[Task] Stop after the line containing "layered leopard print"; retype every line of the data before it exactly, starting from the first.

[Records shown]
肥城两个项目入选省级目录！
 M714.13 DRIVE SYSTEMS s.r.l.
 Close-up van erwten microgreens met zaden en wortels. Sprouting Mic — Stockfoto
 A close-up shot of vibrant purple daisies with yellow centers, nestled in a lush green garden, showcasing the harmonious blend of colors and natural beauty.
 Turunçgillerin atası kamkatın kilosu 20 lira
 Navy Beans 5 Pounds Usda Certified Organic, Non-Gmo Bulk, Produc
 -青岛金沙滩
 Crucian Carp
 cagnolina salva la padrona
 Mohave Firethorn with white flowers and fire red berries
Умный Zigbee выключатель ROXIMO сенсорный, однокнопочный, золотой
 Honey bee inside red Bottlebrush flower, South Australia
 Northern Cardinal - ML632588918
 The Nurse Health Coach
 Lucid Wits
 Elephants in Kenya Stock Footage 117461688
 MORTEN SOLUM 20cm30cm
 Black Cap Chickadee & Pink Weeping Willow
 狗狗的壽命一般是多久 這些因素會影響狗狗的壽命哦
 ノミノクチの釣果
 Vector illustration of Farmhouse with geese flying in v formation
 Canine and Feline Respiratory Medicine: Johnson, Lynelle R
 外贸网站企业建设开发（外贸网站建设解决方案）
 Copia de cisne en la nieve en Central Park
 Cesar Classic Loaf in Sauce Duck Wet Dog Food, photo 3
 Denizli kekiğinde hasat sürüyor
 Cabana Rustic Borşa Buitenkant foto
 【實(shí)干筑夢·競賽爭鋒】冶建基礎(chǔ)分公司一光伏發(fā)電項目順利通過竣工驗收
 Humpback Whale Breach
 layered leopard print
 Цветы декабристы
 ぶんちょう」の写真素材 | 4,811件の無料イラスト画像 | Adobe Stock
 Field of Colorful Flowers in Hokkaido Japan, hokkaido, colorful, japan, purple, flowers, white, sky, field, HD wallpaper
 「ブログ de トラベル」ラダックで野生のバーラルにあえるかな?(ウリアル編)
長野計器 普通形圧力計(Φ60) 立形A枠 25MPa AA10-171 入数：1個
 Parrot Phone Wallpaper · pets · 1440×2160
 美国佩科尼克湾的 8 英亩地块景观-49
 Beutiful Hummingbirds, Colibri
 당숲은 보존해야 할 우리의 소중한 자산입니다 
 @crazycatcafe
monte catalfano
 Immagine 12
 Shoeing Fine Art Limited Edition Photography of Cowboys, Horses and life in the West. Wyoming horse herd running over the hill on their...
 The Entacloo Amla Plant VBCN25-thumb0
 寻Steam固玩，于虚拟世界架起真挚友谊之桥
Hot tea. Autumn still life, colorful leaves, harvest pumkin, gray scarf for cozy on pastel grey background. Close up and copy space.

[Answer for this exercise]
肥城两个项目入选省级目录！
 M714.13 DRIVE SYSTEMS s.r.l.
 Close-up van erwten microgreens met zaden en wortels. Sprouting Mic — Stockfoto
 A close-up shot of vibrant purple daisies with yellow centers, nestled in a lush green garden, showcasing the harmonious blend of colors and natural beauty.
 Turunçgillerin atası kamkatın kilosu 20 lira
 Navy Beans 5 Pounds Usda Certified Organic, Non-Gmo Bulk, Produc
 -青岛金沙滩
 Crucian Carp
 cagnolina salva la padrona
 Mohave Firethorn with white flowers and fire red berries
Умный Zigbee выключатель ROXIMO сенсорный, однокнопочный, золотой
 Honey bee inside red Bottlebrush flower, South Australia
 Northern Cardinal - ML632588918
 The Nurse Health Coach
 Lucid Wits
 Elephants in Kenya Stock Footage 117461688
 MORTEN SOLUM 20cm30cm
 Black Cap Chickadee & Pink Weeping Willow
 狗狗的壽命一般是多久 這些因素會影響狗狗的壽命哦
 ノミノクチの釣果
 Vector illustration of Farmhouse with geese flying in v formation
 Canine and Feline Respiratory Medicine: Johnson, Lynelle R
 外贸网站企业建设开发（外贸网站建设解决方案）
 Copia de cisne en la nieve en Central Park
 Cesar Classic Loaf in Sauce Duck Wet Dog Food, photo 3
 Denizli kekiğinde hasat sürüyor
 Cabana Rustic Borşa Buitenkant foto
 【實(shí)干筑夢·競賽爭鋒】冶建基礎(chǔ)分公司一光伏發(fā)電項目順利通過竣工驗收
 Humpback Whale Breach
 layered leopard print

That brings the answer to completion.